> **DESCRIPTION OF THE TASK**
Strip out the pictures and output each remaining line of the data word for word.

(Collection entries)
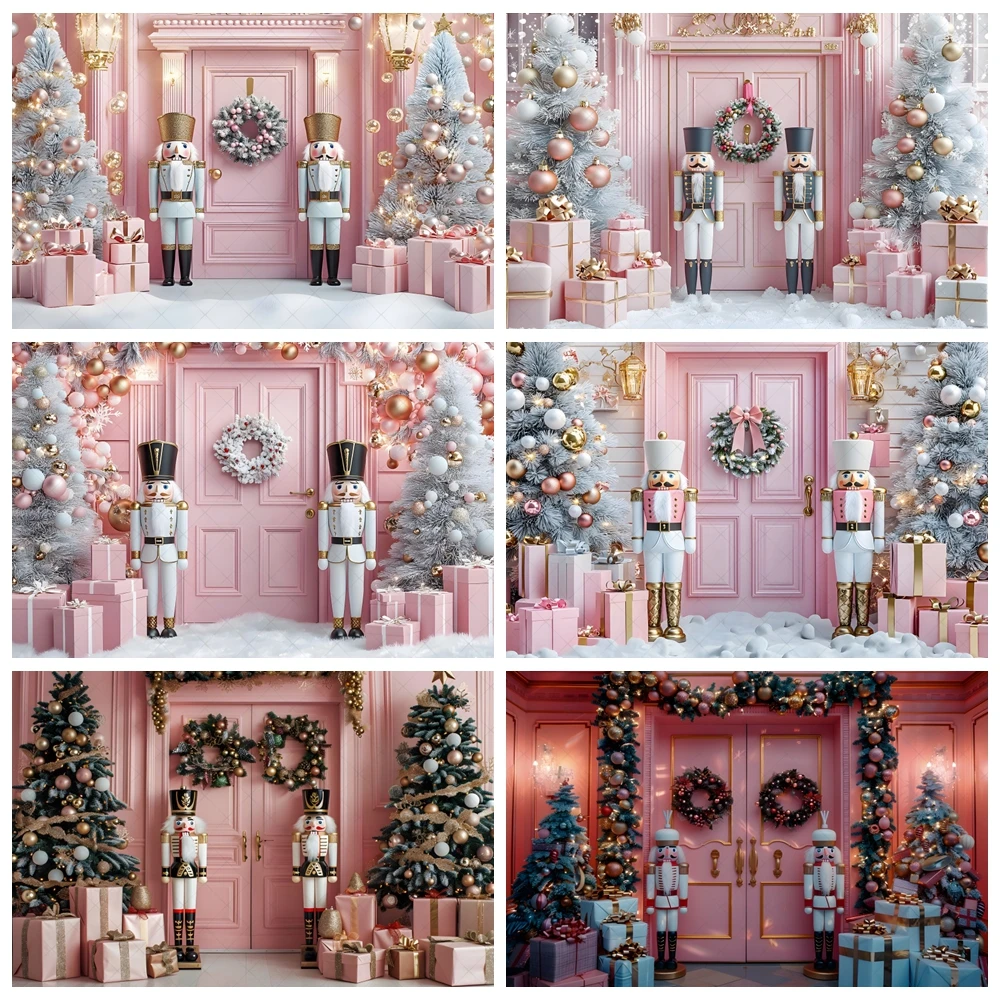 

Christmas Photography Backdrop Pink Wood Door Winter Snow Nutcracker Soldier Castle Xmas Tree Gift Family Party Photo Background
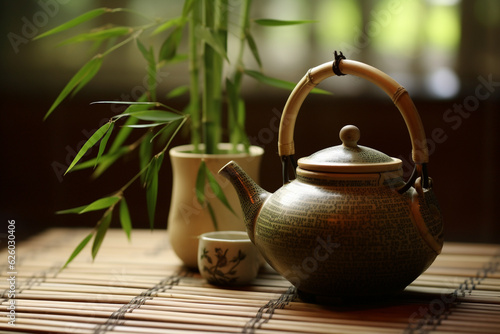 Japanese tea pot with blur bamboo background. generative ai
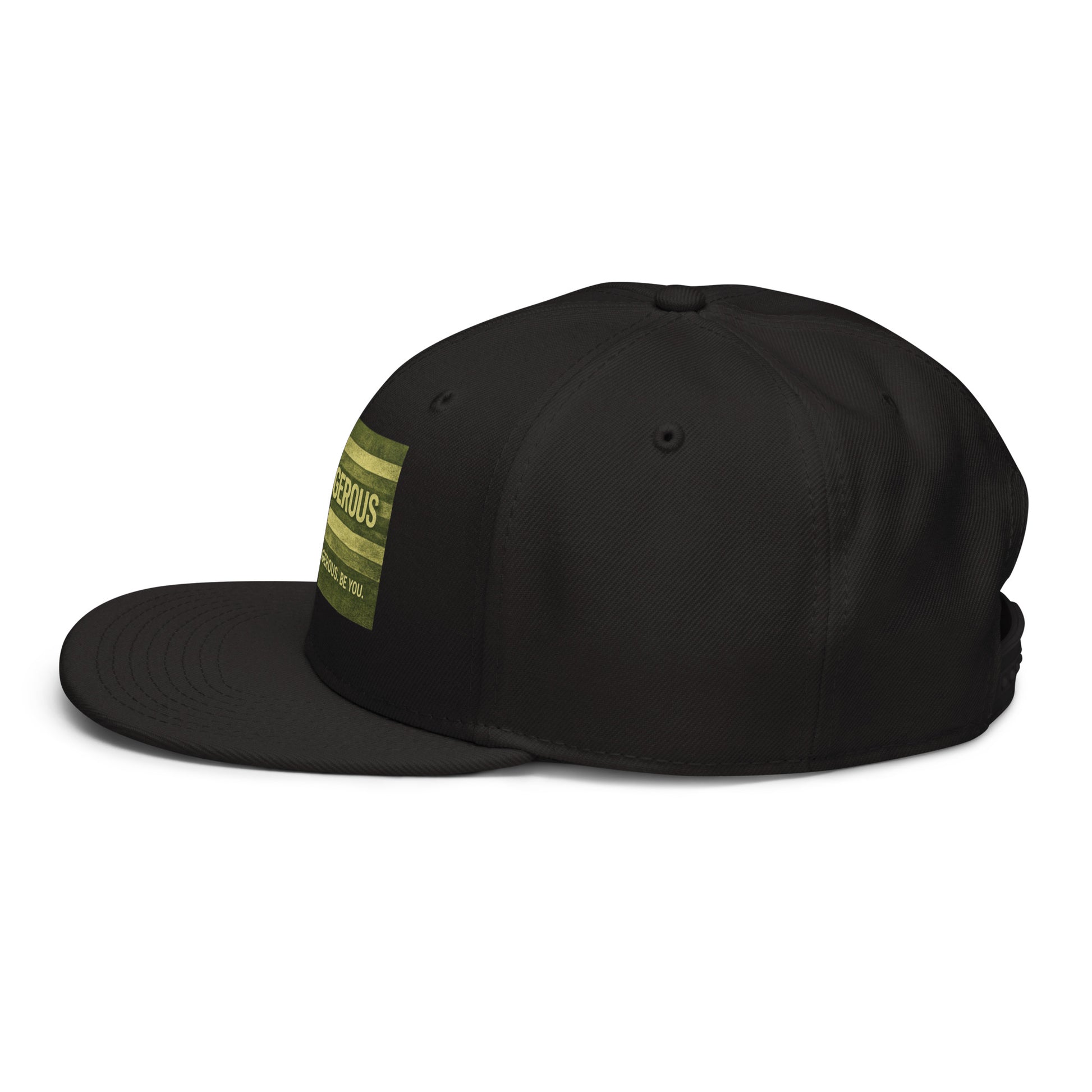 Black OB DANGEROUS embroidered snapback hat showing the left side with detailed embroidery design.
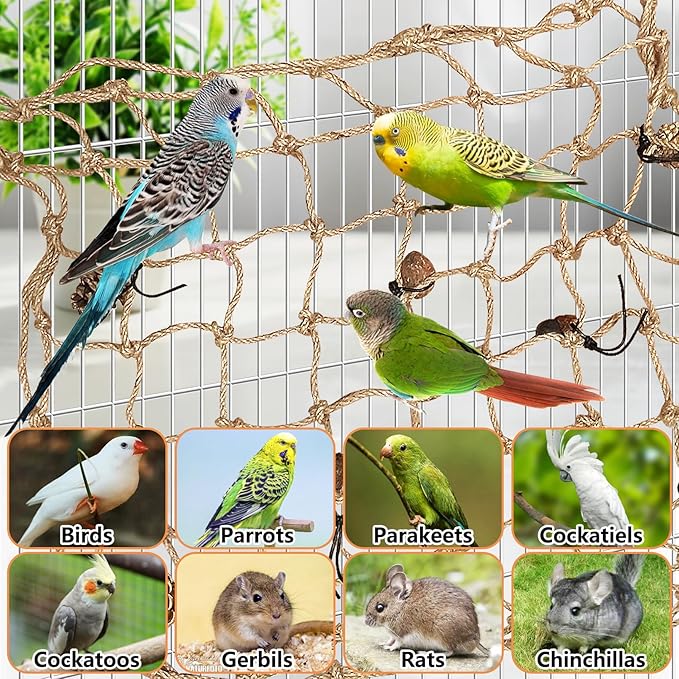 Tfwadmx Bird Climbing Rope Net Parrot Perch Climbing Rope Ladder,Large Size - 24''X24'' Parakeet Cage Hanging Toys for Budgies, Parrot, Conure,Parakeets, Blue & Gold Macaw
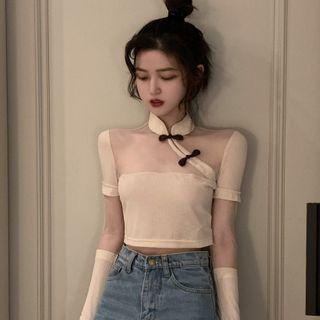 Long-sleeve Mandarin Collar Paneled T-shirt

> **EXPECTED ANSWER**
Christmas Photography Backdrop Pink Wood Door Winter Snow Nutcracker Soldier Castle Xmas Tree Gift Family Party Photo Background
 Japanese tea pot with blur bamboo background. generative ai
 Black OB DANGEROUS embroidered snapback hat showing the left side with detailed embroidery design.
 Tfwadmx Bird Climbing Rope Net Parrot Perch Climbing Rope Ladder,Large Size - 24''X24'' Parakeet Cage Hanging Toys for Budgies, Parrot, Conure,Parakeets, Blue & Gold Macaw
 Long-sleeve Mandarin Collar Paneled T-shirt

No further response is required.